PROBLEM TO SOLVE
After finding the line with "Sursa Laborator Uni-t" in the entries below, retype exactly each line from there through the line with "NEUS / BO double glass, transparent", including that final line.

RECORDS
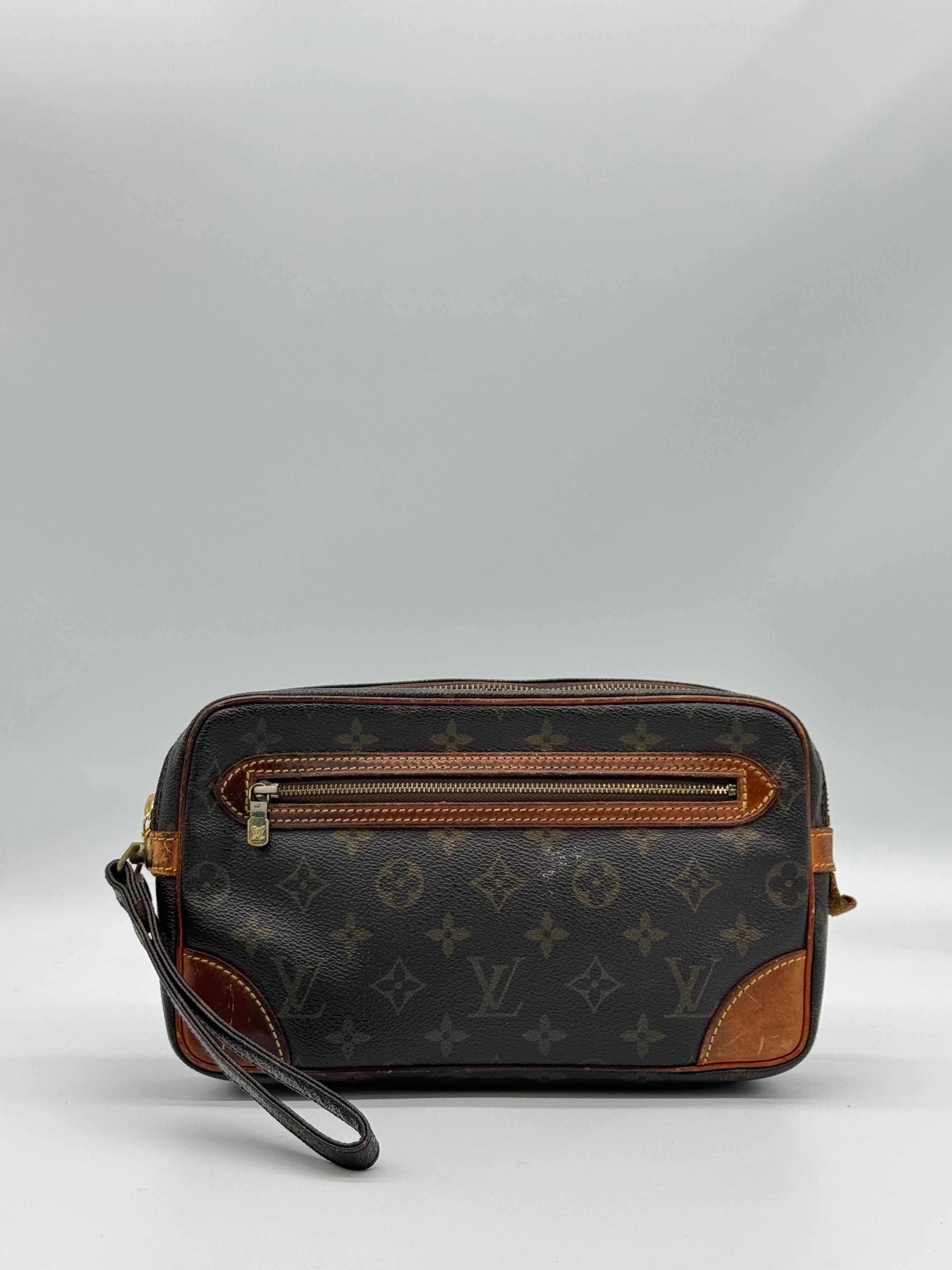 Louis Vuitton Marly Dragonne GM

...

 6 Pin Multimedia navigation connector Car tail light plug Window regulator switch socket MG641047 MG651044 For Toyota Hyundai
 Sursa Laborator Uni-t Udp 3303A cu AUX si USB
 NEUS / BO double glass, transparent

--

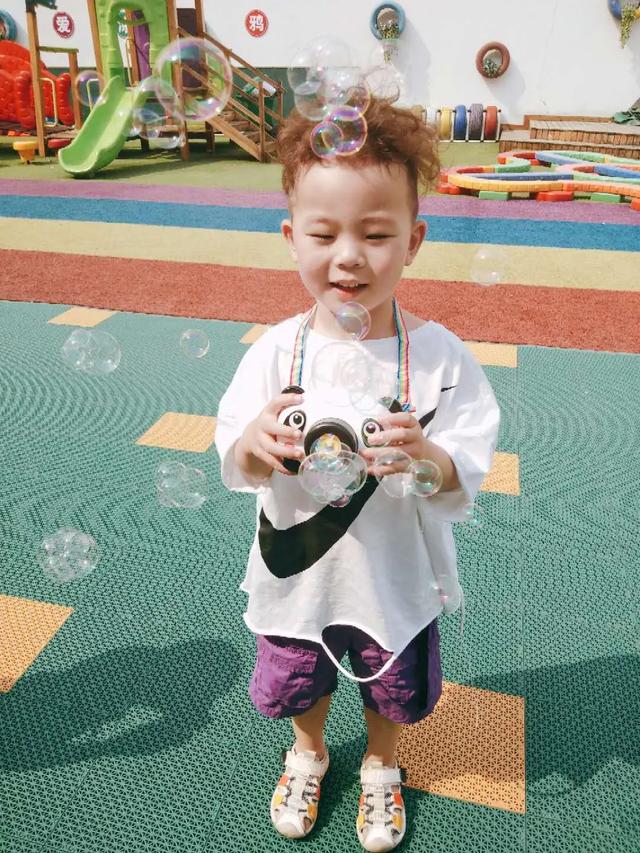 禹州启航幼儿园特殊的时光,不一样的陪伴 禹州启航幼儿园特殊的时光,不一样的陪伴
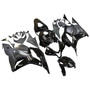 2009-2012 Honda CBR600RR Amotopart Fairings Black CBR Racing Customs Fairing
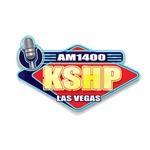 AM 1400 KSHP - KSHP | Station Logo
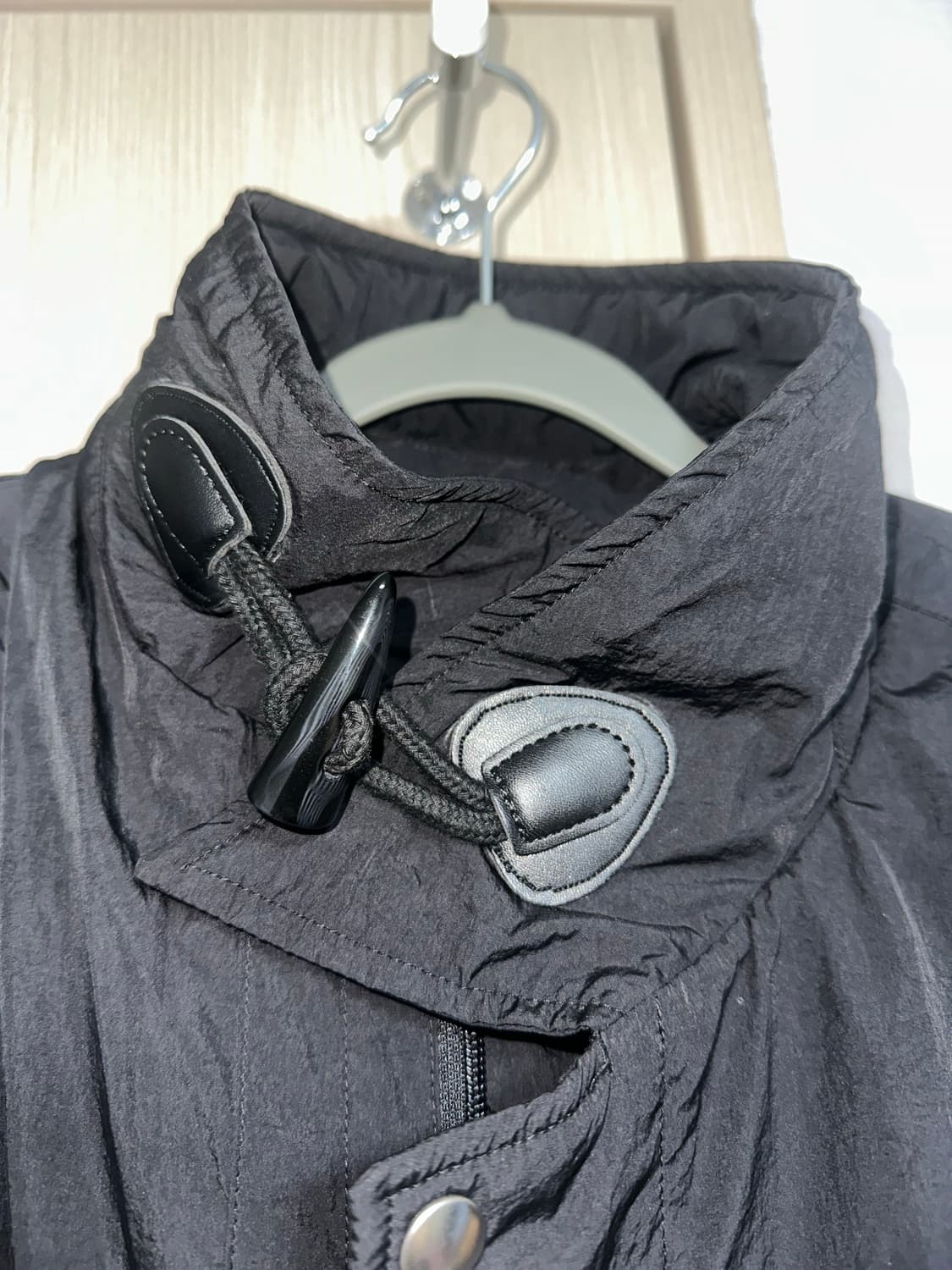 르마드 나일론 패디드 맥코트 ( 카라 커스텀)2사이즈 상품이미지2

OUTPUT BELOW
 Sursa Laborator Uni-t Udp 3303A cu AUX si USB
 NEUS / BO double glass, transparent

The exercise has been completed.